# I created the OpenNMT Tensorflow tutorial using Colab.

***First Go to Runtime and  change the runtime type to GPU.***


<br>
 Copyright Park Chanjun
<br>
 Email: bcj1210@naver.com










# Git Clone
First Git clone the OpenNMT source

In [0]:
!git clone https://github.com/OpenNMT/OpenNMT-tf.git

# Please install  OpenNMT-tensorflow use by pip



In [0]:
pip install OpenNMT-tf[tensorflow_gpu]

# Theory explanation

**Machine translation is a field of natural language processing, meaning that computers translate one language into another.**

Rule based, and statistical based, and recently we are using Deep Learning-based machine translation.

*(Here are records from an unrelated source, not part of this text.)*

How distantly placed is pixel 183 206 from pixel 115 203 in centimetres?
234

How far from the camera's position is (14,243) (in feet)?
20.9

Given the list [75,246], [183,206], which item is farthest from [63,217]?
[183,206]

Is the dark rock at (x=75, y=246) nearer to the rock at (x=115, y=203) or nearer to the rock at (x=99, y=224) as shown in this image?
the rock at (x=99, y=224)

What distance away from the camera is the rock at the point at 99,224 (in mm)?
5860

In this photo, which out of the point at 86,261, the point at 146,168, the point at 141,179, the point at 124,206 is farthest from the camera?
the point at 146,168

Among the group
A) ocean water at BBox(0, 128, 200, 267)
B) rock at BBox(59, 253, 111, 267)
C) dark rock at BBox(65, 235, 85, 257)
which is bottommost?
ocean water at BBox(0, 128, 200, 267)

Learn how to build a real machine translation system and how the system pipeline is structured. Most of these courses can be applied to basic natural language processing problems as well as machine translation.

**Step**



**1.   Data Collection**

Parallel corpus is collected from various sources. It is possible to collect news texts, drama / movie subtitles, Wikipedia, etc., as well as data sets for evaluation of translation systems disclosed by WMT, a machine translation competition, and use them in translation systems.


**2.   Cleaning**

The collected data must be refined. The refinement process includes sorting sentences by corpus in both languages, and eliminating noise such as special characters.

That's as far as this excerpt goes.